**Data in this exercise:**
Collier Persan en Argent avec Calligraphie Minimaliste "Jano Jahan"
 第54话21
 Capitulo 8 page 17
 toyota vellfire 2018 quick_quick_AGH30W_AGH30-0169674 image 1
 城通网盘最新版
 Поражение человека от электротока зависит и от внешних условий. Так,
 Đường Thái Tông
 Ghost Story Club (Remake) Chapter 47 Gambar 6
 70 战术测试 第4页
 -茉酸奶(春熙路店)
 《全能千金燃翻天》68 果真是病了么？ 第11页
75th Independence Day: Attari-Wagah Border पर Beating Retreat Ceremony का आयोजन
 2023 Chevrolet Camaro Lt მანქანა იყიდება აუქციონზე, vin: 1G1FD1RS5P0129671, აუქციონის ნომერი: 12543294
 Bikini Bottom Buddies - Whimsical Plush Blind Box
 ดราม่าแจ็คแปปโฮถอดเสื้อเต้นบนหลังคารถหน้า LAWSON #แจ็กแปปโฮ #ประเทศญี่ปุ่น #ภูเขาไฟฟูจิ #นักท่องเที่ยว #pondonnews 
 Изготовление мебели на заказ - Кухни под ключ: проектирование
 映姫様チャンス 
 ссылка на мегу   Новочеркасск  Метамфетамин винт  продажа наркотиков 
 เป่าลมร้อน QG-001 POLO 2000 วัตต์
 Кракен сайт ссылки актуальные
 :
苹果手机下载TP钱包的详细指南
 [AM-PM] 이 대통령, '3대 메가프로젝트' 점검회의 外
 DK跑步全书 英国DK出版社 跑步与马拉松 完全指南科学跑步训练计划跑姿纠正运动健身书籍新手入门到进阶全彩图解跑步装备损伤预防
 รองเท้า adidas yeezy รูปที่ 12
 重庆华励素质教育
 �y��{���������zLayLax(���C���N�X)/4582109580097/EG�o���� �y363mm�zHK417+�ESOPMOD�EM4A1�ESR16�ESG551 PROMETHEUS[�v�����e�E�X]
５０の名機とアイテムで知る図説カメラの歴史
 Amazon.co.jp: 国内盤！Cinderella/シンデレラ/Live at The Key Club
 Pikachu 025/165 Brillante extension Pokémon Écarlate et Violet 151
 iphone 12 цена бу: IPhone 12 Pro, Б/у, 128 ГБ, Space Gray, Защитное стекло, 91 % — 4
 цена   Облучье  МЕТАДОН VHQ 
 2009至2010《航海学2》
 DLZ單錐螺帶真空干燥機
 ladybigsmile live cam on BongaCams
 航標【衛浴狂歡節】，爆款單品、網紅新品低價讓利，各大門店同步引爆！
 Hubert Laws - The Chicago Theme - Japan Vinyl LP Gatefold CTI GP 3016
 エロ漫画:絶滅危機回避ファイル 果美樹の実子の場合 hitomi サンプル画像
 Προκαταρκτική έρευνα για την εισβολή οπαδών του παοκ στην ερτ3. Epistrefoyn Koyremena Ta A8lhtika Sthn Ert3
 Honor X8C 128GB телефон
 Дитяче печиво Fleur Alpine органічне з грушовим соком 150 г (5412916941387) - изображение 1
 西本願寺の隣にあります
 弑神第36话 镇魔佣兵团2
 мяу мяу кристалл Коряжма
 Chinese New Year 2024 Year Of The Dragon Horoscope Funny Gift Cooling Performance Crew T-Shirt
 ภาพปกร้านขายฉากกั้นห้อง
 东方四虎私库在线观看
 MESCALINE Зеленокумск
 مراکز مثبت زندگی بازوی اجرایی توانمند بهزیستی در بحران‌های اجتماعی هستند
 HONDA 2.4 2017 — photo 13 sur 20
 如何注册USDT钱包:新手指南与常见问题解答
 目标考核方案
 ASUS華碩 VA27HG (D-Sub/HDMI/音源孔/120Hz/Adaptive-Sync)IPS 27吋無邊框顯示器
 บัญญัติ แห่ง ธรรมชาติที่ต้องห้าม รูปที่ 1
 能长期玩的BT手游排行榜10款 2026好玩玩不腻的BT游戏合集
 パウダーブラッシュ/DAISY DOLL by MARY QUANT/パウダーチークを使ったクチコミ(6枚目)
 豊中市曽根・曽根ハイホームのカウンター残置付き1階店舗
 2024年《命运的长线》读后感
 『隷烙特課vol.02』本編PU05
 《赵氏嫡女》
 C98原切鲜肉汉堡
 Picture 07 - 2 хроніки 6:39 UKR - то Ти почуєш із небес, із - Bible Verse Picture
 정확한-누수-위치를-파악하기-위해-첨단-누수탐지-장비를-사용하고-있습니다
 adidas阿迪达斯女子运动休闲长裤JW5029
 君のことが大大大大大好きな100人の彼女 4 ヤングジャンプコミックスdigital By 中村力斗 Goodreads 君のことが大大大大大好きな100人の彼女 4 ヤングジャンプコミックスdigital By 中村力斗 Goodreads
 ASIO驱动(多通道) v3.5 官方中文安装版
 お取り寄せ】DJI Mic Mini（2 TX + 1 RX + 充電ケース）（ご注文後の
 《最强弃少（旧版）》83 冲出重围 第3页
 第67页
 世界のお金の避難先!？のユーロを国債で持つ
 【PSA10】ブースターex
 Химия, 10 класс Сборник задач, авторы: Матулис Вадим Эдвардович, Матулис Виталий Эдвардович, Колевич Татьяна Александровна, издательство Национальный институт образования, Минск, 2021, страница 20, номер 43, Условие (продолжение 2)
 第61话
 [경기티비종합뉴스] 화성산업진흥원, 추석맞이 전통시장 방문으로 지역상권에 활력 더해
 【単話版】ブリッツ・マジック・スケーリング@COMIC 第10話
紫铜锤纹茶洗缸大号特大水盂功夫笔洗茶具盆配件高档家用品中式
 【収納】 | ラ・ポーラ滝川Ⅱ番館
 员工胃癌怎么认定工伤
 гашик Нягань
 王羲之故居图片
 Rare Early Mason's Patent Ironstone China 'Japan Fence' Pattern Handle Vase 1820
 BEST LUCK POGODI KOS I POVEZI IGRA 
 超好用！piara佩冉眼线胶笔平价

**About this task:**
Throughout the material above, find every line holding "Club" and copy it.

**Answer to this problem:**
 Ghost Story Club (Remake) Chapter 47 Gambar 6
 Amazon.co.jp: 国内盤！Cinderella/シンデレラ/Live at The Key Club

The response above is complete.